In 1977, a group of radical black feminists called the Combahee River Collective released a statement against “racial, sexual, heterosexual and class oppression.” In this collection, scholar Keeanga-Yamahtta Taylor interviews Combahee members. “We didn’t know it, but what we were doing was incubating the next revolution,” says co-founder Demita Frazier.
Ella Baker and the Black Freedom Movement by Barbara Ransby (2003)
Both colleague and critic of Martin Luther King Jr., Ella Baker is quoted saying, “Strong people don’t need strong leaders.” Barbara Ransby’s landmark biography shows Baker walked the walk on her critiques of top-down, patriarchal organizing, and provides an alternative history of the civil rights movement through Baker’s “radical democratic vision.”
This Bridge Called My Back, edited by Gloria Anzaldúa and Cherríe Moraga (1981)
This classic anthology lays out “an uncompromised definition of feminism.” Through prose, poetry and visual art, contributors such as Audre Lorde explore how race, class, gender and sexuality all shape the oppression of women of color—and how the mainstream women’s and civil rights movements have often ignored this.

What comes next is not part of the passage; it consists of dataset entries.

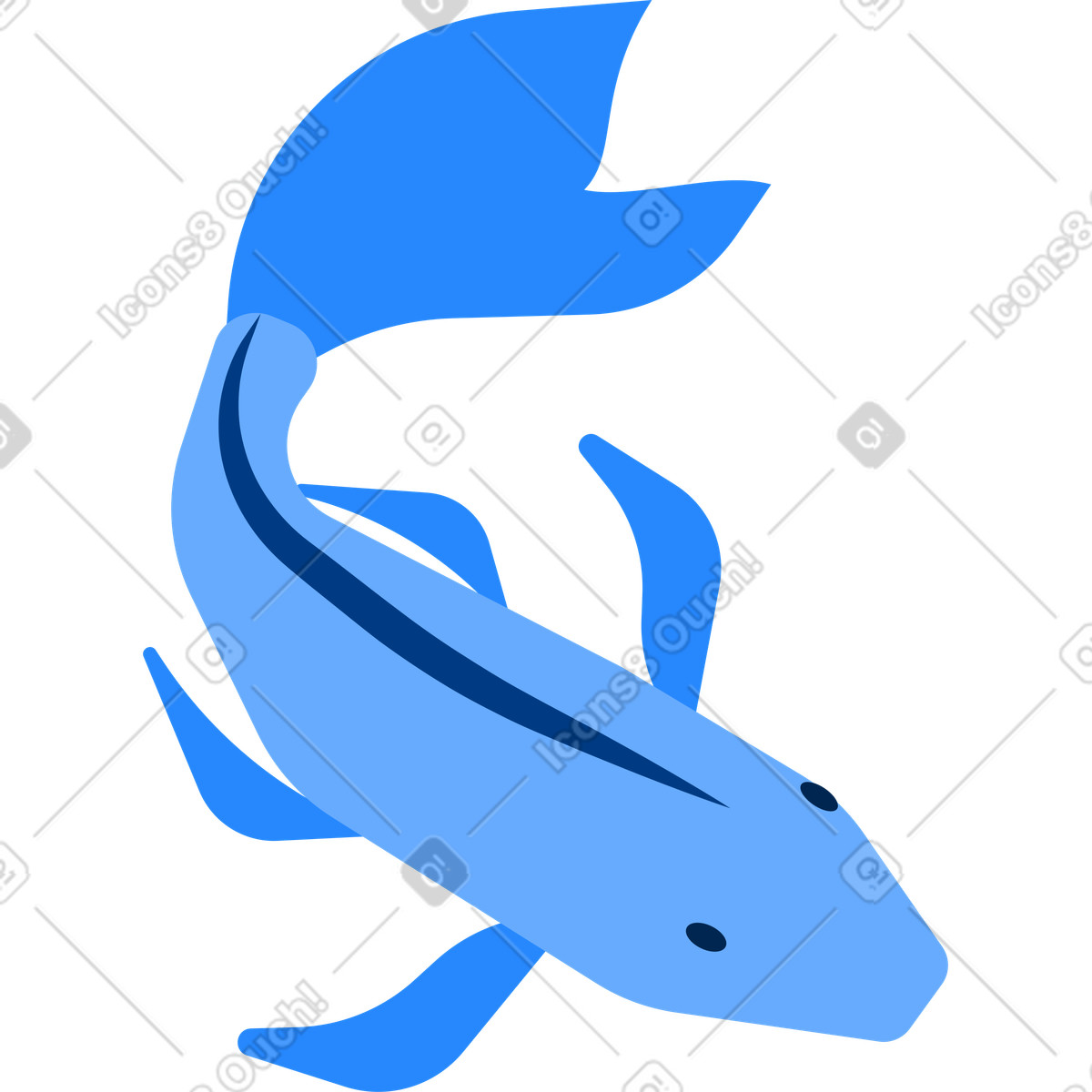 Urban スタイルの 魚 のイラストをPNG、SVG形式でダウンロード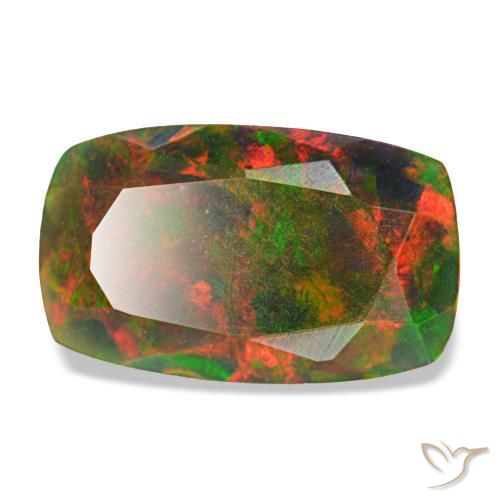 Opale nero naturale multicolore da 1,86 ct, taglio a cuscino, opaco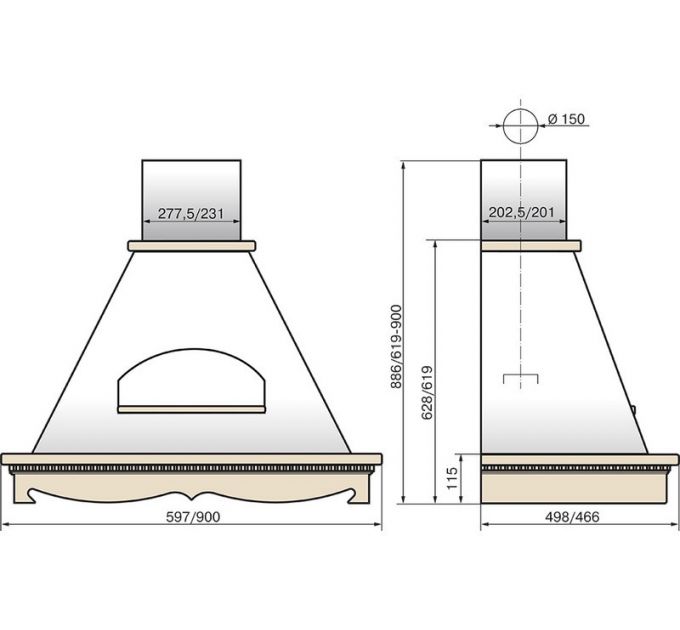 Вытяжка Elikor Бельведер 60П-650-П3Д бежевый/дуб неокр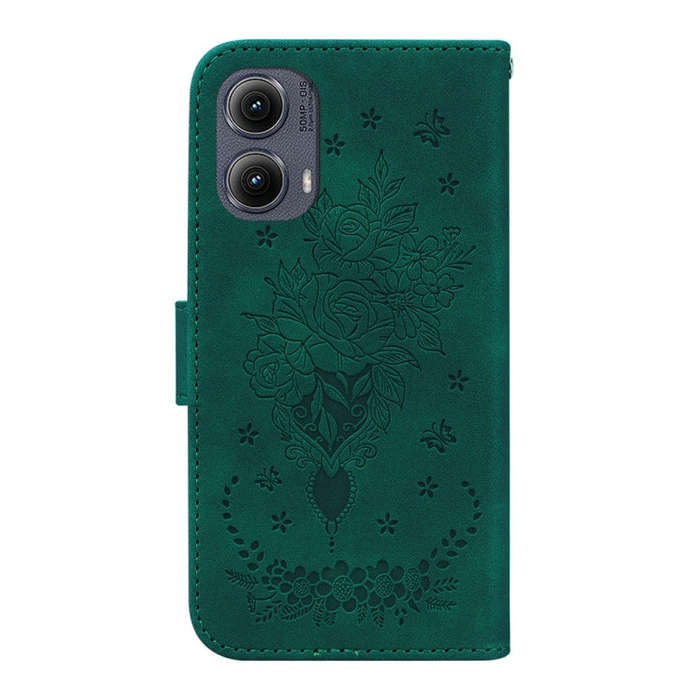 For Motorola Edge 2024 Butterfly Rose Embossed Leather Phone Case(Green)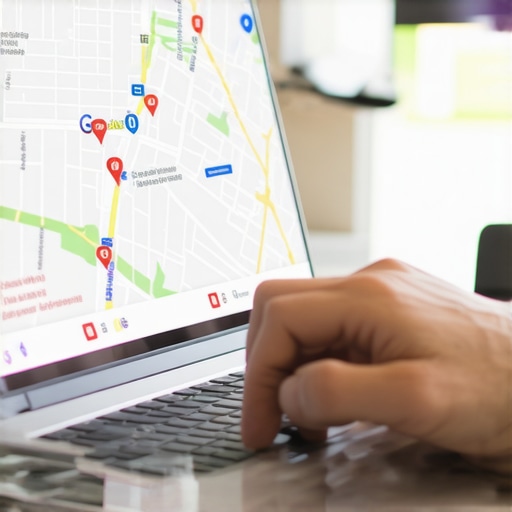Person updating business information on Google Maps using a laptop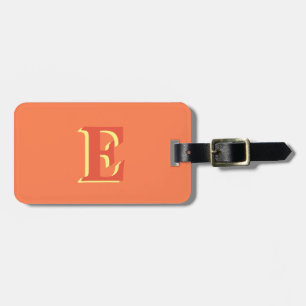 Etiqueta Para Maletas Elegante Letra Inicial 3D en Rojo Naranja Coral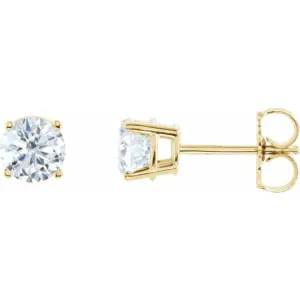 14K Yellow 2 CTW Natural Diamond Stud Earrings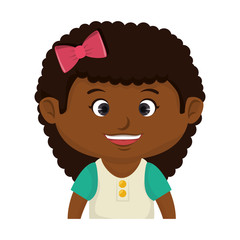 girl smiling happy child kid face afro cartoon vector illustration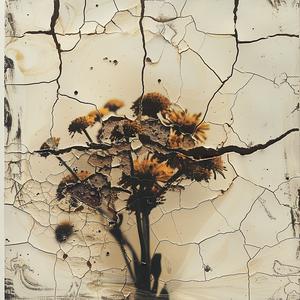 flower  chemigram  abstract  textured  yellow  wall  cracked  peeling  art  modern 1061533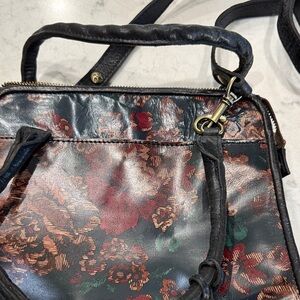 Patricia Nash Floral Black Leather Handbag- as is gently used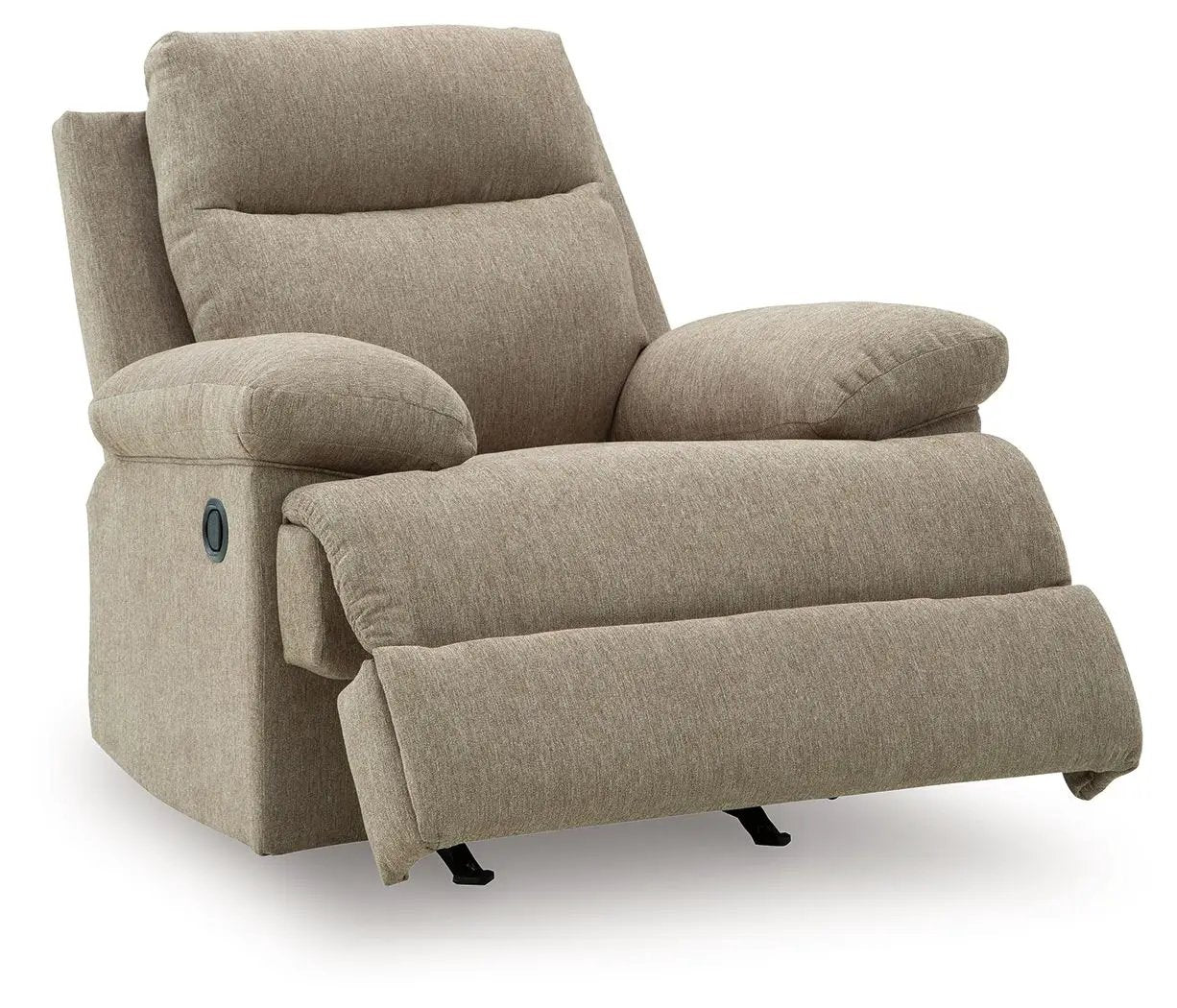 Side-Swipe Rocker Recliner beige fabric with plush cushions by Unique Piece Furniture on Tampa Home & Garden Store
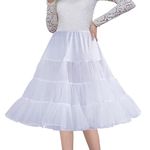 CHERRY LOVE Knee Length Petticoat 50S Vintage Underskirt 26inch Crinoline Petticoat Short Slips, White, Medium-Large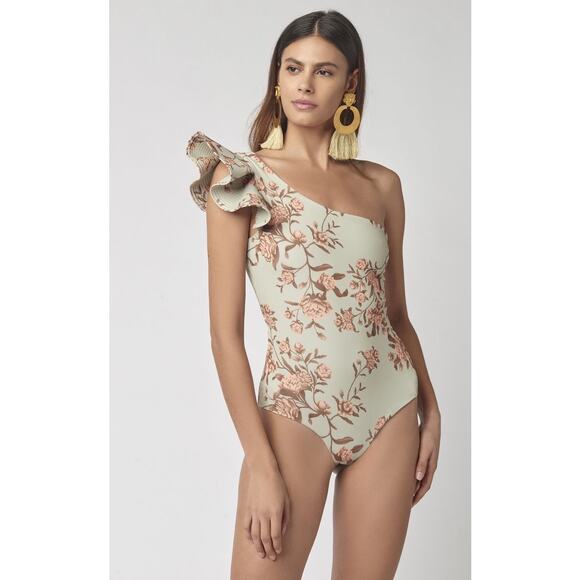 Johanna Ortiz Flower Meditation Swimsuit Size 4 Green One Shoulder One Piece - Picture 1 of 13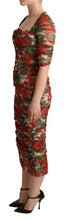 Load image into Gallery viewer, Dolce & Gabbana Red Floral Print Tulle Sheath Midi Dress
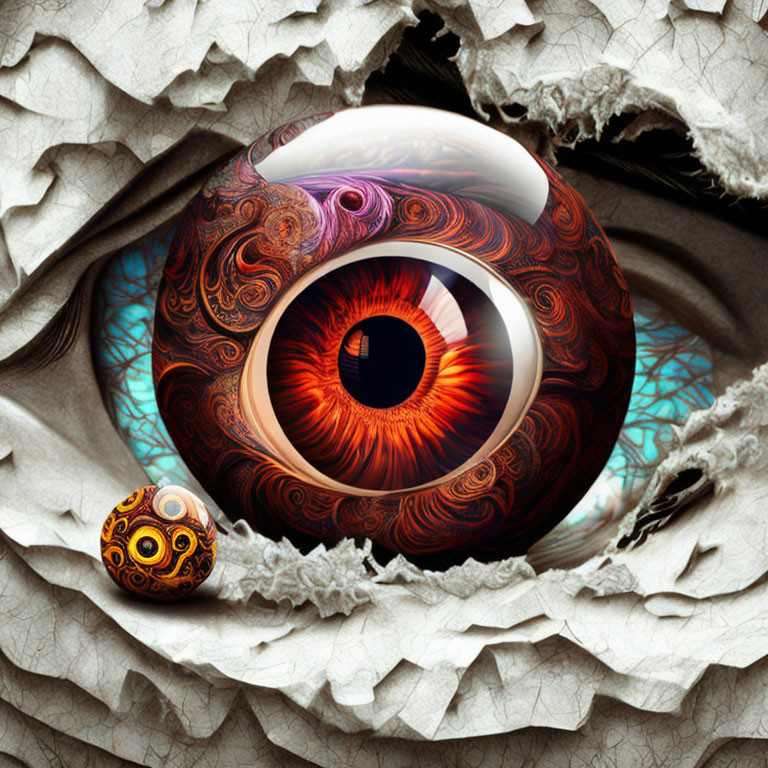 Surreal eye with intricate iris patterns and torn paper layers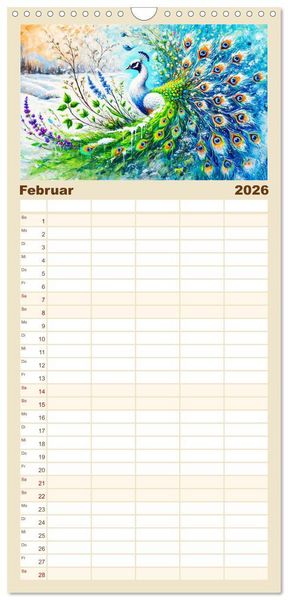 Produktbild: Familienplaner 2026 - Tanz der Pfauen - Jahreszeiten in abstrakter Eleganz mit 5 Spalten (Wandkalender, 21 x 45 cm) CALVENDO
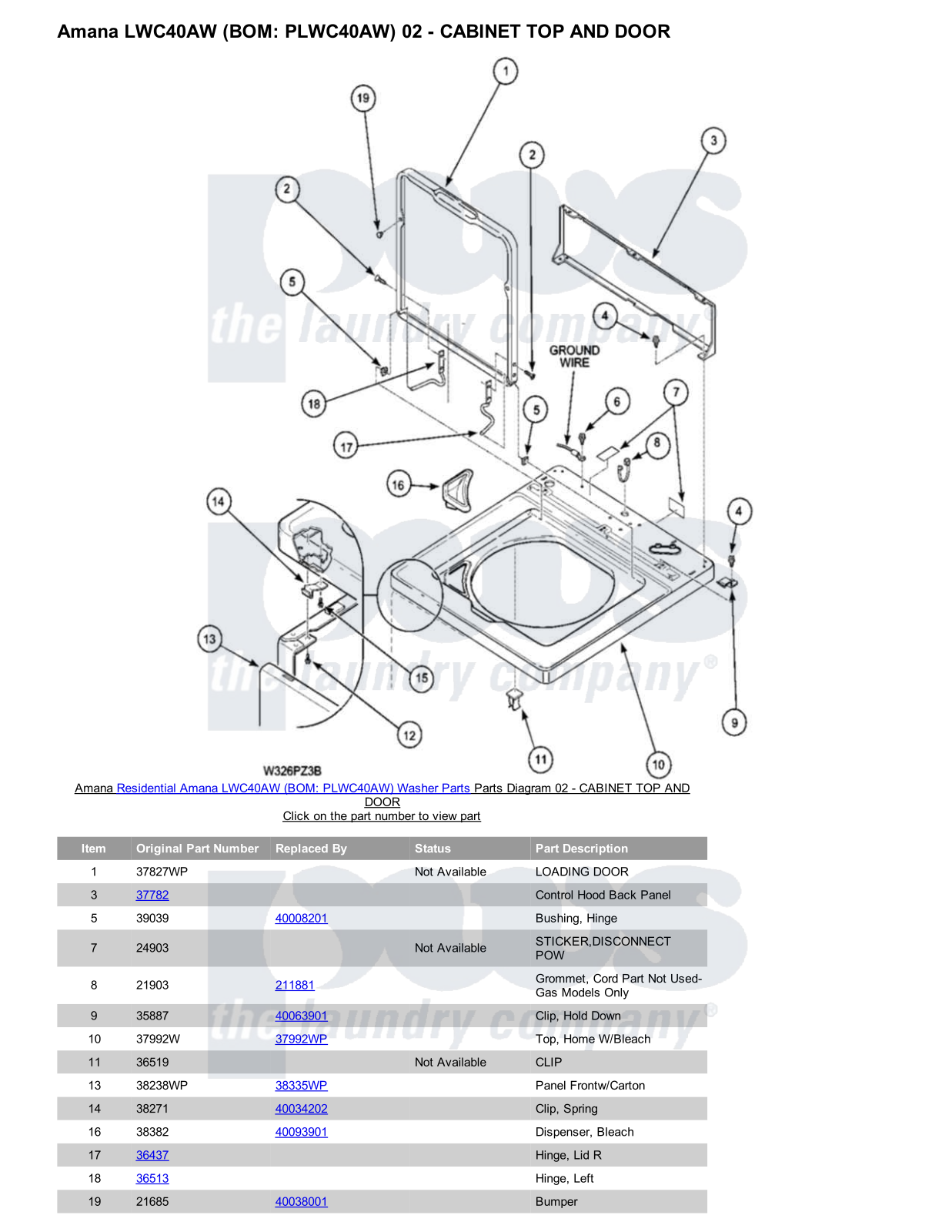 Amana LWC40AW Parts Diagram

The Light of Truth by Ida B. Wells (2014)
Ida B. Wells is best known for her investigative journalism. But Wells, who founded Illinois' largest suffrage club for black women, is also a criminally underrated feminist thinker. Her collected writings feature muckraking reporting and pathbreaking analyses of how white supremacy breeds in a petri dish of racism, misogyny and anxiety about masculinity.